Acostumbro a alejarme de aquellos que prometen fidelidad absoluta e innegociable a la sinceridad. Me parecen peligrosos. Se vierten públicamente como locuaces en la aseveración y devotos de la verdad, que lanzan a unos y otras cada día y sobre cada tema. A menudo sin ser preguntados, a menudo sin conocimiento de causa y de consecuencias. Muchos de esos que se venden como francos no son más que groseros. Leí algo así como que la sinceridad sin empatía es mala educación. Realmente la frase no era literal pero yo la he modificado a mi gusto y parecer. Dichos groseros tienen el don de molestar a quien no lo merece y servir a quien no lo necesita. Son así de capaces. Porque en ocasiones aquellos que van de sinceros sólo se limitan a llenar los oídos de los otros de aquello que quieren escuchar y por lo tanto su franqueza está sometida a la consecución de unos fines interesados de los que sacarán tajada.

En psicología se llega a utilizar el término sincericidio para definir a aquellos (mucho me temo que en la mayoría de los casos son hombres a los que el heteropatriarcado ha concedido el don de la palabra en voz alta) que no controlan (o más bien no quieren controlar) lo que dicen. No hay filtro. Tampoco sensibilidad. No hay, por supuesto, un pensamiento previo que evalúe el resultado de la sinceridad patria en los otros. Acechados por la pornografía de la sociedad del espectáculo pensamos que todo debe ser dicho para buscar la viralidad que ofrezca popularidad. Lo no verbalizado no es productivo. No tiene cabida en una sociedad que venera la rentabilidad capitalista, la monetarización y el lucro, el provecho obligatorio de nuestro tiempo. El hecho de pensar, simplemente pensar, no vive su mejor momento. No si ese pensamiento no se traduce en nada. Está mejor visto decir sin pensar. Decir, bien. Pensar, mal. Pero solo entre aquellos y aquellas que aleccionan por encima de sus posibilidades.
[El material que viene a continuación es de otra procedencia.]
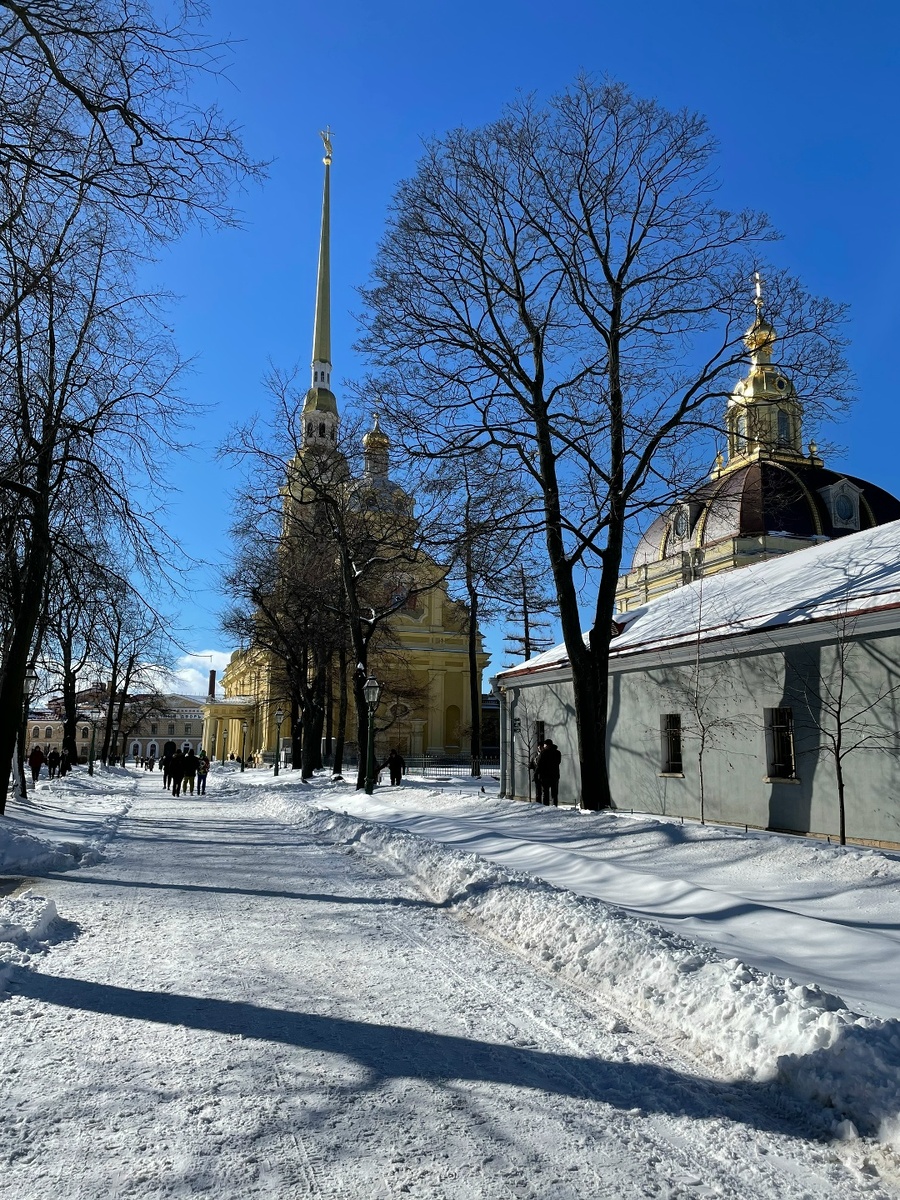 Вид на Петропавловский собор, фото автора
Porque los que reciben esa sinceridad que no han pedido están hasta el moño y lo mínimo que pueden hacer, y que acabarán haciendo, es alejarse.

Que no se me malinterprete, por favor. Estoy a favor de los ofendiditos pero sólo de aquellos que entienden qué he querido decir y no lo comparten por religión ideológica o afinidad con causas ganadas. No es esto, por supuesto, un alegato a favor de la falsedad o de la mentira. La hipocresía rivaliza con la razón y la posverdad es una ofensa para la intelectualidad. Esto es, más bien, una llamada a la prudencia y a la cautela. Un grito a lo que oficialmente se define como el cuidado y reserva de una persona al hablar o actuar para prevenir un daño. Pero, sobre todo, es un alarido a favor de que algunos dejen de arrogarse el honor y el privilegio de responder a preguntas que no les han formulado.